Machine Learning and Predictive Analytics
August 25, 2023The Client
The client is one of the leading chip manufacturers in the industry. They were trying to benchmark and enhance the multithreaded Machine Learning (ML) Inference Performance on high core count CPUs. The client recognized the importance of maximizing CPU utilization for improving ML inference throughput and overall system efficiency.
The Project
The project centered around optimizing the performance of the ONNX runtime open-source repository, a widely used framework for ML inferencing. The primary goal was to leverage the full potential of high core count CPUs and address the limitation where ONNX runtime could only utilize a single processor group. This limitation resulted in suboptimal utilization of CPUs with more than 64 threads.
Challenges
- Processor Group Limitation: ONNX runtime’s inability to utilize more than one processor group in Windows caused inefficiencies in CPUs with more than 64 threads.
- Inference Performance: The client faced challenges in achieving optimal Inference Performance on high core count CPUs due to limitations in ONNX runtime’s utilization of available hardware resources.
- Dependency Integration: Implementing processor group support required modifications not only within ONNX runtime but also in its dependency, the Eigen repository.
- CPU Utilization Profiling: To identify the root cause of the performance issue, profiling the inference process and analyzing CPU utilization was crucial.
The MulticoreWare Advantage & Approach
MulticoreWare’s team has in-depth expertise in ML software Stack Optimization and demonstrated its prowess in tackling the challenges faced by the client. Our approach involved:
- Profiling and Analysis: Thorough profiling and analysis of the inference process and identifying the lack of processor group support as a key bottleneck.
- Codebase Analysis: Delving into the codebase of ONNX runtime and Eigen to understand the intricacies and dependencies.
- Adding Processor Group Support: Adding a processor group support to ONNX runtime and integrating it into the Eigen repository, ensuring compatibility and optimal performance.
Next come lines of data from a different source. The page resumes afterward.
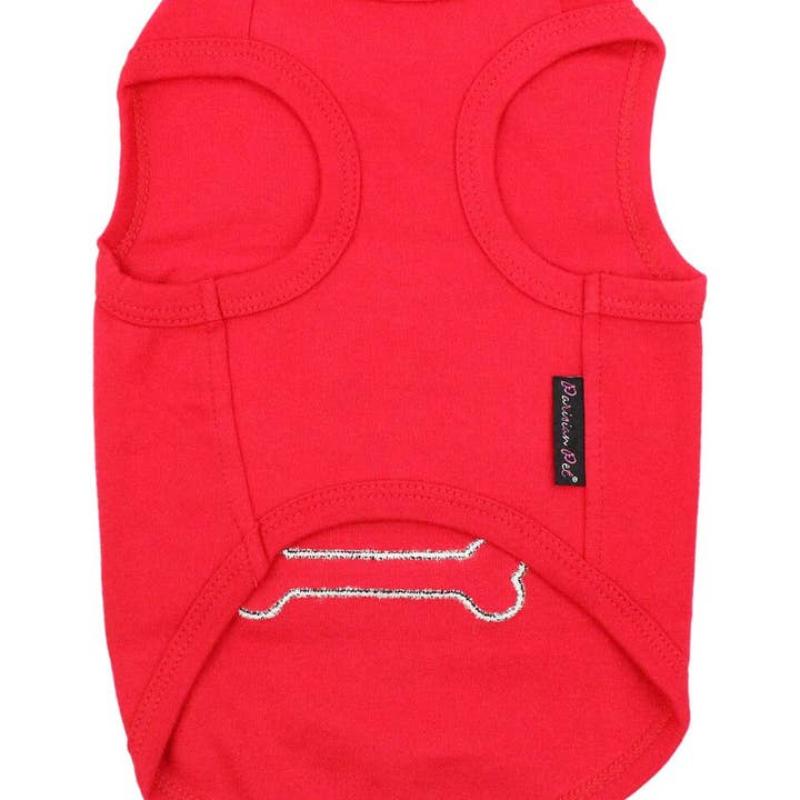 Red dog t-shirt close-up with curved stitched panels and small vertical brand tag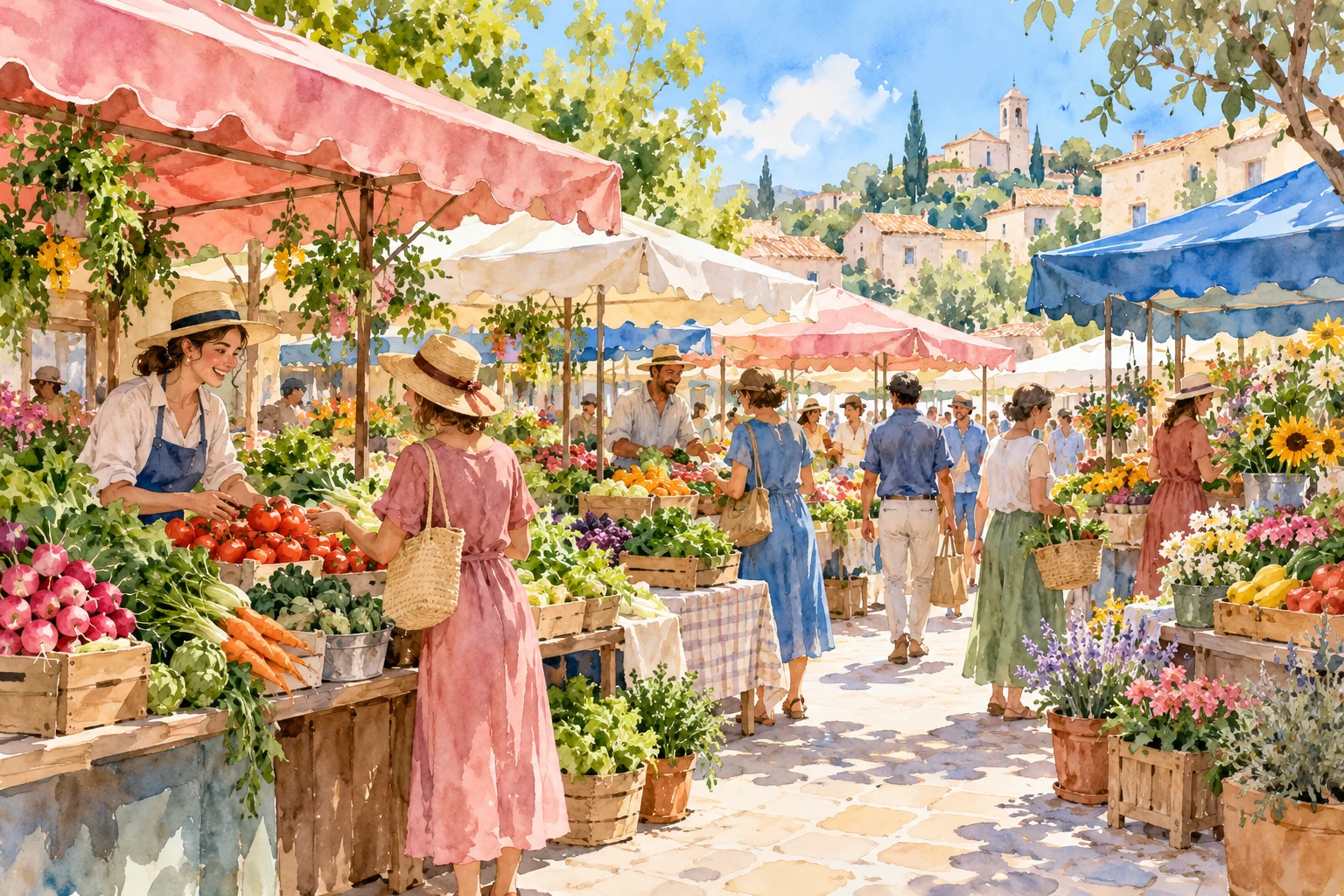 Mercado cotidiano completamente imaginario en acuarela; imagen IA sin retratar una comunidad ni acreditar pobreza.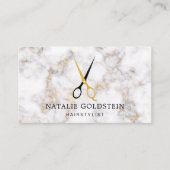 Marble Black Gold Scissors Haarstylist Appointment Visitekaartje (Voorkant)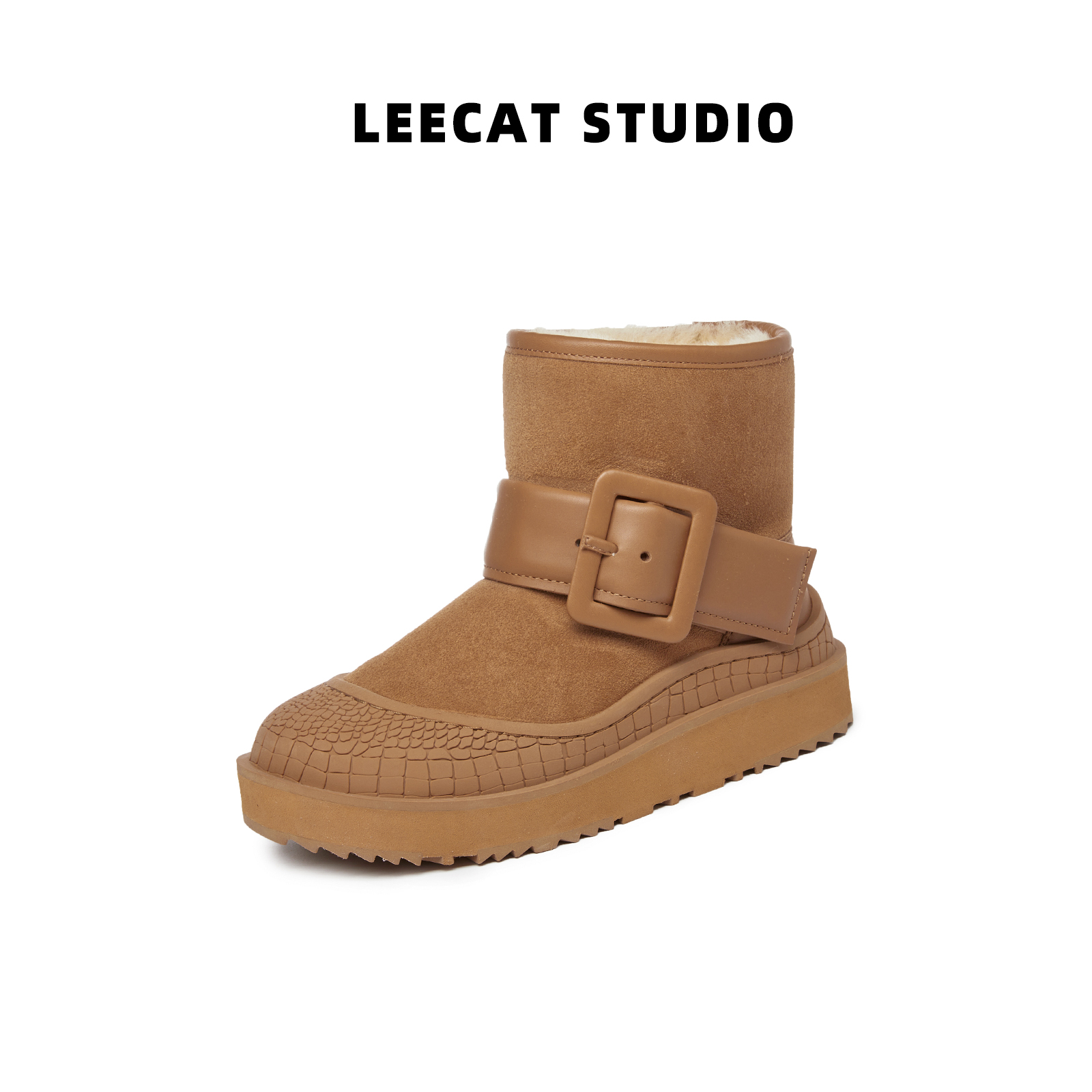 LeeCat Studio | 2023冬季女款方扣洋气保暖加绒加厚棉鞋雪地靴女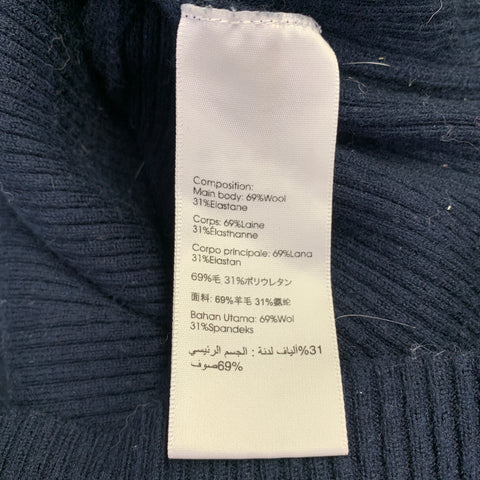 3.1 PHILLIP LIM Size M Navy Wool Blend Ribbed Pullover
- Parameter Optimization: Optimizing the inference benchmarks by fine-tuning parameters and enabling the ML models to efficiently utilize the available hardware resources.
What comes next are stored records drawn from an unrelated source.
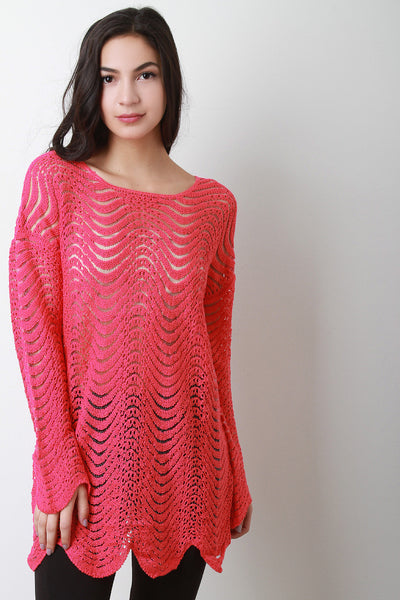 Loose Scallop Knit Sweater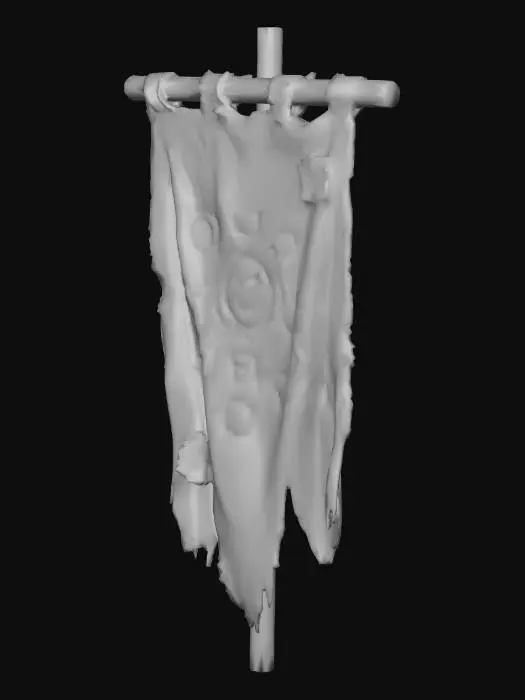 3D model for Primitive made dirty cloth banner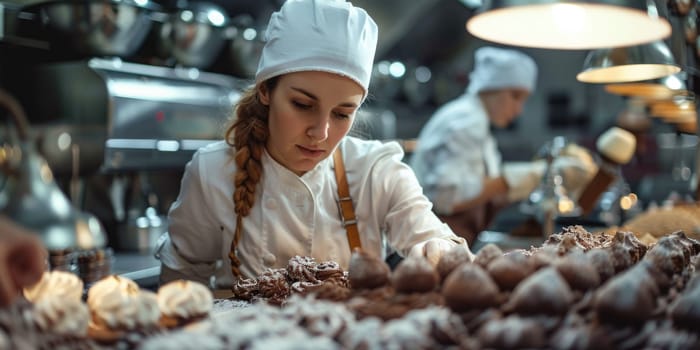 Female baker working in supermarket bakery. ai generated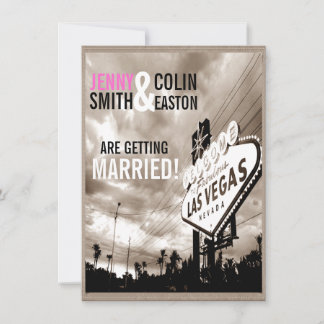 Las Vegas Modernes Vintages Sepia Hochzeitseinladu Einladung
- Parallel Inference Feature: Introducing a parallel inference feature to the ONNX Runtime’s performance test suite to further maximize the high core count CPU potential, thereby, extracting every ounce of performance.
Outcome
Through MulticoreWare’s expert intervention, the client achieved remarkable results:
- Enhanced CPU Utilization: The implementation of processor group support and parameter optimization led to improved CPU utilization on high core count CPUs, addressing the 64-thread limitation.
- Increased Inference Throughput: The optimizations resulted in significantly higher inference throughput, enabling the client to extract more value from their hardware.
- System Efficiency: The project’s success resulted in enhanced system efficiency, maximizing the utilization of the available hardware resources.
- Deeper Collaboration: MulticoreWare’s in-depth understanding of the ML software stack and dependencies fostered a deeper collaboration between the client and MulticoreWare, setting the stage for potential future projects.
Conclusion
This case study underscores how MulticoreWare’s expertise in optimizing ML software stacks based on the hardware’s architecture, combined with our innovative approach, enabled a major chip manufacturer to overcome limitations, optimize performance, and maximize the potential of high core count CPUs.